Task data:

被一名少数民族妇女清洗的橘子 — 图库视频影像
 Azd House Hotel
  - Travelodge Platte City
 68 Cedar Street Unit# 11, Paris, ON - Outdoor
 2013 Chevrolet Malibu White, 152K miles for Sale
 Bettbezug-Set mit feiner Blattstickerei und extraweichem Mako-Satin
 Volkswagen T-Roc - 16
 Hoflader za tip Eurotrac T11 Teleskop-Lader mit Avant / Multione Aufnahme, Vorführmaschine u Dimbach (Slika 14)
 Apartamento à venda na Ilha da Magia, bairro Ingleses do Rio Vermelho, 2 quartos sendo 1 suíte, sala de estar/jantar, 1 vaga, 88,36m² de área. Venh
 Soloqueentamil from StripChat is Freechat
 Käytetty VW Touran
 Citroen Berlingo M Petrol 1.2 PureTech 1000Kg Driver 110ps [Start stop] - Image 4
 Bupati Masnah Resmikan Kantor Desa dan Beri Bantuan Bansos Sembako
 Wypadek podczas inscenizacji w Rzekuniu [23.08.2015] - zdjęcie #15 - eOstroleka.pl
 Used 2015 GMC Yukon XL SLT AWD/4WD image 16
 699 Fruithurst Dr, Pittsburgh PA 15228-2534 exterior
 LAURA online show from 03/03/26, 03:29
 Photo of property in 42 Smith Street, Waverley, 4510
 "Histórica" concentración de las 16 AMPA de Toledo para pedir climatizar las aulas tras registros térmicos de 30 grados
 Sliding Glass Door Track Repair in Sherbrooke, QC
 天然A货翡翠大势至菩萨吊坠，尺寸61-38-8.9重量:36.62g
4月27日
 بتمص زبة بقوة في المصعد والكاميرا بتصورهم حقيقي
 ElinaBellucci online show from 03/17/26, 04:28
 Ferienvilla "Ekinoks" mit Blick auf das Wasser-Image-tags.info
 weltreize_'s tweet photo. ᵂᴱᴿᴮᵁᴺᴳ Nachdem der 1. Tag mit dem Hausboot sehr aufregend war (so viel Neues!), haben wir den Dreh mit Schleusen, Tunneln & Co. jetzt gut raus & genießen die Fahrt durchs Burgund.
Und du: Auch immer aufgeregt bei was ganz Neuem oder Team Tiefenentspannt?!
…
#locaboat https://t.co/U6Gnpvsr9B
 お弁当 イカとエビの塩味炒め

Work to complete:
What is the number of lines in the data that hold the string "online"? Answer with the number only.

Response below:
2